**TASK DESCRIPTION**
Please restate each entry exactly, without skipping any.

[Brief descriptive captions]
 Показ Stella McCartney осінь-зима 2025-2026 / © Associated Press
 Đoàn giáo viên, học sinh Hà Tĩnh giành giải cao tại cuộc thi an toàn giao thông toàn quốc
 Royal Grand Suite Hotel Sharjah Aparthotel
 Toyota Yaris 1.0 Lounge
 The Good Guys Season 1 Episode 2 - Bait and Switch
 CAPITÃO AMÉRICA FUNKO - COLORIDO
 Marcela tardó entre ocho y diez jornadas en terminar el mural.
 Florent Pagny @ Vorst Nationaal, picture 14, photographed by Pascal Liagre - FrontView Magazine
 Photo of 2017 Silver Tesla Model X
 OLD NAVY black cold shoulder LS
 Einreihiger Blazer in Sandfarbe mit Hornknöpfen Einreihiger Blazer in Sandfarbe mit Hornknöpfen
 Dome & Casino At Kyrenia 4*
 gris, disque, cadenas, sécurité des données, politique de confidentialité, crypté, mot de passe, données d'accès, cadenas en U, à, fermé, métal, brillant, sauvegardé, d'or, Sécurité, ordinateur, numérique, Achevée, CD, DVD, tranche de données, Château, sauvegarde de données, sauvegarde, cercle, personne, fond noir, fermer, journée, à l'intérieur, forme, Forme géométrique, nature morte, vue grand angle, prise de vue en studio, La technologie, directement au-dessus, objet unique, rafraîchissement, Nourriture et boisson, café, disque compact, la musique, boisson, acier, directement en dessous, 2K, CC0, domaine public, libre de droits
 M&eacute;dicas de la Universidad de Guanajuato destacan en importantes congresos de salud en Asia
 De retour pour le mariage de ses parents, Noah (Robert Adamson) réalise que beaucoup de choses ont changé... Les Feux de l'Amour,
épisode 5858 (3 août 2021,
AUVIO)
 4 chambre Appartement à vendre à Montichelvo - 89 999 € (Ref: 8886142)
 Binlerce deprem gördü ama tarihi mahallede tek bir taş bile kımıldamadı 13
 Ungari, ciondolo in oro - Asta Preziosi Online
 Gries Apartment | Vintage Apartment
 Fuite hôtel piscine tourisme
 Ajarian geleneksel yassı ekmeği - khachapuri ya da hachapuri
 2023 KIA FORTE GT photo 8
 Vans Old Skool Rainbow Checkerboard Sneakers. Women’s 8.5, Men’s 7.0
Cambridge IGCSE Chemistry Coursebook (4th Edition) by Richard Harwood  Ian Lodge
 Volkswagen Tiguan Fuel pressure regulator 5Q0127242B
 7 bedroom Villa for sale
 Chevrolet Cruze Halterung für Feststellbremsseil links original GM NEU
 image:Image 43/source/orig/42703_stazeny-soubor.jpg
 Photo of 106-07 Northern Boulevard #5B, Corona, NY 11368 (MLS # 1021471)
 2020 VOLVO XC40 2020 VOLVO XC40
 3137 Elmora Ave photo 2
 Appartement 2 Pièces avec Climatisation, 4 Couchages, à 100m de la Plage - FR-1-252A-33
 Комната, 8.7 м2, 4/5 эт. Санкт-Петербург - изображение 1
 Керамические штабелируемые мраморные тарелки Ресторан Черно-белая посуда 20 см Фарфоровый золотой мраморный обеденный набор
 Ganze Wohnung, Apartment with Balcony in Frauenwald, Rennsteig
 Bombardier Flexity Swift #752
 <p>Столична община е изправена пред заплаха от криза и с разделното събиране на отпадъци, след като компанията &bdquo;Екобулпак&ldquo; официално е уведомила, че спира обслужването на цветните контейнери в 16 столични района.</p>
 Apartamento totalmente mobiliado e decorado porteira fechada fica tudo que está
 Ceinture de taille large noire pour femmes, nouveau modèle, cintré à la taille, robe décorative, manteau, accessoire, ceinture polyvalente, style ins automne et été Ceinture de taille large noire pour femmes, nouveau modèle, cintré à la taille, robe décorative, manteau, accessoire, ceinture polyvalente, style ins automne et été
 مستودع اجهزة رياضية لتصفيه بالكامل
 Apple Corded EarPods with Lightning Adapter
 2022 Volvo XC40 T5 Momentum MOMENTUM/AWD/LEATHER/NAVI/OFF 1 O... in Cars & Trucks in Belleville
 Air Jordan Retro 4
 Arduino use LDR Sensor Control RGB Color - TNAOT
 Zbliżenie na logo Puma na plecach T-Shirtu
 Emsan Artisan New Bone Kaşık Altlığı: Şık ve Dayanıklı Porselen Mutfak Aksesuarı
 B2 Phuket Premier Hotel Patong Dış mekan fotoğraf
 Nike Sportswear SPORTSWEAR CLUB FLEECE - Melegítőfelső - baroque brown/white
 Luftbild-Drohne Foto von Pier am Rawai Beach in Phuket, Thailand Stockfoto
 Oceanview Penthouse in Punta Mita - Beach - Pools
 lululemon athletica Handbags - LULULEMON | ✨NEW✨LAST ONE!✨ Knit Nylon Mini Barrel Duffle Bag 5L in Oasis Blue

**SOLUTION TO THE PROBLEM**
 Показ Stella McCartney осінь-зима 2025-2026 / © Associated Press
 Đoàn giáo viên, học sinh Hà Tĩnh giành giải cao tại cuộc thi an toàn giao thông toàn quốc
 Royal Grand Suite Hotel Sharjah Aparthotel
 Toyota Yaris 1.0 Lounge
 The Good Guys Season 1 Episode 2 - Bait and Switch
 CAPITÃO AMÉRICA FUNKO - COLORIDO
 Marcela tardó entre ocho y diez jornadas en terminar el mural.
 Florent Pagny @ Vorst Nationaal, picture 14, photographed by Pascal Liagre - FrontView Magazine
 Photo of 2017 Silver Tesla Model X
 OLD NAVY black cold shoulder LS
 Einreihiger Blazer in Sandfarbe mit Hornknöpfen Einreihiger Blazer in Sandfarbe mit Hornknöpfen
 Dome & Casino At Kyrenia 4*
 gris, disque, cadenas, sécurité des données, politique de confidentialité, crypté, mot de passe, données d'accès, cadenas en U, à, fermé, métal, brillant, sauvegardé, d'or, Sécurité, ordinateur, numérique, Achevée, CD, DVD, tranche de données, Château, sauvegarde de données, sauvegarde, cercle, personne, fond noir, fermer, journée, à l'intérieur, forme, Forme géométrique, nature morte, vue grand angle, prise de vue en studio, La technologie, directement au-dessus, objet unique, rafraîchissement, Nourriture et boisson, café, disque compact, la musique, boisson, acier, directement en dessous, 2K, CC0, domaine public, libre de droits
 M&eacute;dicas de la Universidad de Guanajuato destacan en importantes congresos de salud en Asia
 De retour pour le mariage de ses parents, Noah (Robert Adamson) réalise que beaucoup de choses ont changé... Les Feux de l'Amour,
épisode 5858 (3 août 2021,
AUVIO)
 4 chambre Appartement à vendre à Montichelvo - 89 999 € (Ref: 8886142)
 Binlerce deprem gördü ama tarihi mahallede tek bir taş bile kımıldamadı 13
 Ungari, ciondolo in oro - Asta Preziosi Online
 Gries Apartment | Vintage Apartment
 Fuite hôtel piscine tourisme
 Ajarian geleneksel yassı ekmeği - khachapuri ya da hachapuri
 2023 KIA FORTE GT photo 8
 Vans Old Skool Rainbow Checkerboard Sneakers. Women’s 8.5, Men’s 7.0
Cambridge IGCSE Chemistry Coursebook (4th Edition) by Richard Harwood  Ian Lodge
 Volkswagen Tiguan Fuel pressure regulator 5Q0127242B
 7 bedroom Villa for sale
 Chevrolet Cruze Halterung für Feststellbremsseil links original GM NEU
 image:Image 43/source/orig/42703_stazeny-soubor.jpg
 Photo of 106-07 Northern Boulevard #5B, Corona, NY 11368 (MLS # 1021471)
 2020 VOLVO XC40 2020 VOLVO XC40
 3137 Elmora Ave photo 2
 Appartement 2 Pièces avec Climatisation, 4 Couchages, à 100m de la Plage - FR-1-252A-33
 Комната, 8.7 м2, 4/5 эт. Санкт-Петербург - изображение 1
 Керамические штабелируемые мраморные тарелки Ресторан Черно-белая посуда 20 см Фарфоровый золотой мраморный обеденный набор
 Ganze Wohnung, Apartment with Balcony in Frauenwald, Rennsteig
 Bombardier Flexity Swift #752
 <p>Столична община е изправена пред заплаха от криза и с разделното събиране на отпадъци, след като компанията &bdquo;Екобулпак&ldquo; официално е уведомила, че спира обслужването на цветните контейнери в 16 столични района.</p>
 Apartamento totalmente mobiliado e decorado porteira fechada fica tudo que está
 Ceinture de taille large noire pour femmes, nouveau modèle, cintré à la taille, robe décorative, manteau, accessoire, ceinture polyvalente, style ins automne et été Ceinture de taille large noire pour femmes, nouveau modèle, cintré à la taille, robe décorative, manteau, accessoire, ceinture polyvalente, style ins automne et été
 مستودع اجهزة رياضية لتصفيه بالكامل
 Apple Corded EarPods with Lightning Adapter
 2022 Volvo XC40 T5 Momentum MOMENTUM/AWD/LEATHER/NAVI/OFF 1 O... in Cars & Trucks in Belleville
 Air Jordan Retro 4
 Arduino use LDR Sensor Control RGB Color - TNAOT
 Zbliżenie na logo Puma na plecach T-Shirtu
 Emsan Artisan New Bone Kaşık Altlığı: Şık ve Dayanıklı Porselen Mutfak Aksesuarı
 B2 Phuket Premier Hotel Patong Dış mekan fotoğraf
 Nike Sportswear SPORTSWEAR CLUB FLEECE - Melegítőfelső - baroque brown/white
 Luftbild-Drohne Foto von Pier am Rawai Beach in Phuket, Thailand Stockfoto
 Oceanview Penthouse in Punta Mita - Beach - Pools
 lululemon athletica Handbags - LULULEMON | ✨NEW✨LAST ONE!✨ Knit Nylon Mini Barrel Duffle Bag 5L in Oasis Blue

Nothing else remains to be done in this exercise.